■ **Problem to solve**
Copy each of the following entries back without change.

━━━ Input records

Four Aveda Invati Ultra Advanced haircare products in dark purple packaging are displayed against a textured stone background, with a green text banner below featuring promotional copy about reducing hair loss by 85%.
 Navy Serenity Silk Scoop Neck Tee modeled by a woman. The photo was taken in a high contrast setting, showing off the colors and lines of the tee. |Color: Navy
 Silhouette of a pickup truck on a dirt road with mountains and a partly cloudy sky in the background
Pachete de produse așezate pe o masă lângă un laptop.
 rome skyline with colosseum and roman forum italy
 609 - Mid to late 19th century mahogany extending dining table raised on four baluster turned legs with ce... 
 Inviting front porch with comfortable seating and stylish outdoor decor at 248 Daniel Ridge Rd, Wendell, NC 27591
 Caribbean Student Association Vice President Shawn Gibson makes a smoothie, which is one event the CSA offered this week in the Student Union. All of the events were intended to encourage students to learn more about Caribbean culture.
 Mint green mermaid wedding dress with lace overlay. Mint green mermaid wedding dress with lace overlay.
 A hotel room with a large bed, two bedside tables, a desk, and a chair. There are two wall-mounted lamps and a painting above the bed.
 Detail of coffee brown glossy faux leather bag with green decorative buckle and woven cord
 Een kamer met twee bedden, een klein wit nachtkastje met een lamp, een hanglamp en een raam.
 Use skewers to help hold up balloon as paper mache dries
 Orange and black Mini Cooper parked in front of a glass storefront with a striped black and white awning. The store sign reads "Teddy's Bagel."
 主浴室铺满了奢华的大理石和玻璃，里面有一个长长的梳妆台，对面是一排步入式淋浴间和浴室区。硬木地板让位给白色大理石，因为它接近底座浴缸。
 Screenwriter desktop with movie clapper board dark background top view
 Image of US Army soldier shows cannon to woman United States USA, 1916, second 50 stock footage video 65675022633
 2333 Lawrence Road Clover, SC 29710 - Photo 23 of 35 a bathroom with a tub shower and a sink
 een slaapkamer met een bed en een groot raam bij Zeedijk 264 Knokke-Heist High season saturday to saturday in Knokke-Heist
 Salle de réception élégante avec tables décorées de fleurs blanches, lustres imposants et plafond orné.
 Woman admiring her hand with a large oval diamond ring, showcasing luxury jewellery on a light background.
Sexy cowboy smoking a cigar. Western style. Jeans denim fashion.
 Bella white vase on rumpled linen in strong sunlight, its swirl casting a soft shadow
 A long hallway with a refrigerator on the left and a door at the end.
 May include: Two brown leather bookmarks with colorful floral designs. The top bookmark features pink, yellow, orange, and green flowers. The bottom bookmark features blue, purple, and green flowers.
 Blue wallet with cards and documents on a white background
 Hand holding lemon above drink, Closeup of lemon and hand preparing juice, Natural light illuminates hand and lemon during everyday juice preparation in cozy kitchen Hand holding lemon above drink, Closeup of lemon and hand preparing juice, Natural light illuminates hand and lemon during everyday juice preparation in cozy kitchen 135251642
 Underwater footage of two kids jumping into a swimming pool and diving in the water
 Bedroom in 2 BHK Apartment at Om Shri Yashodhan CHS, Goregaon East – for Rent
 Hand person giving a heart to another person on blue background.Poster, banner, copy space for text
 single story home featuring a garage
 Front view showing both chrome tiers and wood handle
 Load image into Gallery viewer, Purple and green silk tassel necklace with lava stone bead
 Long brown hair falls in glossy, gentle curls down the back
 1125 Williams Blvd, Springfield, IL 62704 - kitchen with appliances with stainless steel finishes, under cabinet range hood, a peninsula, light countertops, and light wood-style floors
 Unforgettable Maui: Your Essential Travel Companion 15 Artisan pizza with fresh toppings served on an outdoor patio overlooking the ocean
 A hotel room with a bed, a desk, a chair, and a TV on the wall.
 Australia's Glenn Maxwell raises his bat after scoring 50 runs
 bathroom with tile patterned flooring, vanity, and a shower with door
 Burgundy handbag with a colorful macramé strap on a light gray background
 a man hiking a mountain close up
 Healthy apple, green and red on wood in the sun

━━━━━━

■ **Written reply**
Four Aveda Invati Ultra Advanced haircare products in dark purple packaging are displayed against a textured stone background, with a green text banner below featuring promotional copy about reducing hair loss by 85%.
 Navy Serenity Silk Scoop Neck Tee modeled by a woman. The photo was taken in a high contrast setting, showing off the colors and lines of the tee. |Color: Navy
 Silhouette of a pickup truck on a dirt road with mountains and a partly cloudy sky in the background
Pachete de produse așezate pe o masă lângă un laptop.
 rome skyline with colosseum and roman forum italy
 609 - Mid to late 19th century mahogany extending dining table raised on four baluster turned legs with ce... 
 Inviting front porch with comfortable seating and stylish outdoor decor at 248 Daniel Ridge Rd, Wendell, NC 27591
 Caribbean Student Association Vice President Shawn Gibson makes a smoothie, which is one event the CSA offered this week in the Student Union. All of the events were intended to encourage students to learn more about Caribbean culture.
 Mint green mermaid wedding dress with lace overlay. Mint green mermaid wedding dress with lace overlay.
 A hotel room with a large bed, two bedside tables, a desk, and a chair. There are two wall-mounted lamps and a painting above the bed.
 Detail of coffee brown glossy faux leather bag with green decorative buckle and woven cord
 Een kamer met twee bedden, een klein wit nachtkastje met een lamp, een hanglamp en een raam.
 Use skewers to help hold up balloon as paper mache dries
 Orange and black Mini Cooper parked in front of a glass storefront with a striped black and white awning. The store sign reads "Teddy's Bagel."
 主浴室铺满了奢华的大理石和玻璃，里面有一个长长的梳妆台，对面是一排步入式淋浴间和浴室区。硬木地板让位给白色大理石，因为它接近底座浴缸。
 Screenwriter desktop with movie clapper board dark background top view
 Image of US Army soldier shows cannon to woman United States USA, 1916, second 50 stock footage video 65675022633
 2333 Lawrence Road Clover, SC 29710 - Photo 23 of 35 a bathroom with a tub shower and a sink
 een slaapkamer met een bed en een groot raam bij Zeedijk 264 Knokke-Heist High season saturday to saturday in Knokke-Heist
 Salle de réception élégante avec tables décorées de fleurs blanches, lustres imposants et plafond orné.
 Woman admiring her hand with a large oval diamond ring, showcasing luxury jewellery on a light background.
Sexy cowboy smoking a cigar. Western style. Jeans denim fashion.
 Bella white vase on rumpled linen in strong sunlight, its swirl casting a soft shadow
 A long hallway with a refrigerator on the left and a door at the end.
 May include: Two brown leather bookmarks with colorful floral designs. The top bookmark features pink, yellow, orange, and green flowers. The bottom bookmark features blue, purple, and green flowers.
 Blue wallet with cards and documents on a white background
 Hand holding lemon above drink, Closeup of lemon and hand preparing juice, Natural light illuminates hand and lemon during everyday juice preparation in cozy kitchen Hand holding lemon above drink, Closeup of lemon and hand preparing juice, Natural light illuminates hand and lemon during everyday juice preparation in cozy kitchen 135251642
 Underwater footage of two kids jumping into a swimming pool and diving in the water
 Bedroom in 2 BHK Apartment at Om Shri Yashodhan CHS, Goregaon East – for Rent
 Hand person giving a heart to another person on blue background.Poster, banner, copy space for text
 single story home featuring a garage
 Front view showing both chrome tiers and wood handle
 Load image into Gallery viewer, Purple and green silk tassel necklace with lava stone bead
 Long brown hair falls in glossy, gentle curls down the back
 1125 Williams Blvd, Springfield, IL 62704 - kitchen with appliances with stainless steel finishes, under cabinet range hood, a peninsula, light countertops, and light wood-style floors
 Unforgettable Maui: Your Essential Travel Companion 15 Artisan pizza with fresh toppings served on an outdoor patio overlooking the ocean
 A hotel room with a bed, a desk, a chair, and a TV on the wall.
 Australia's Glenn Maxwell raises his bat after scoring 50 runs
 bathroom with tile patterned flooring, vanity, and a shower with door
 Burgundy handbag with a colorful macramé strap on a light gray background
 a man hiking a mountain close up
 Healthy apple, green and red on wood in the sun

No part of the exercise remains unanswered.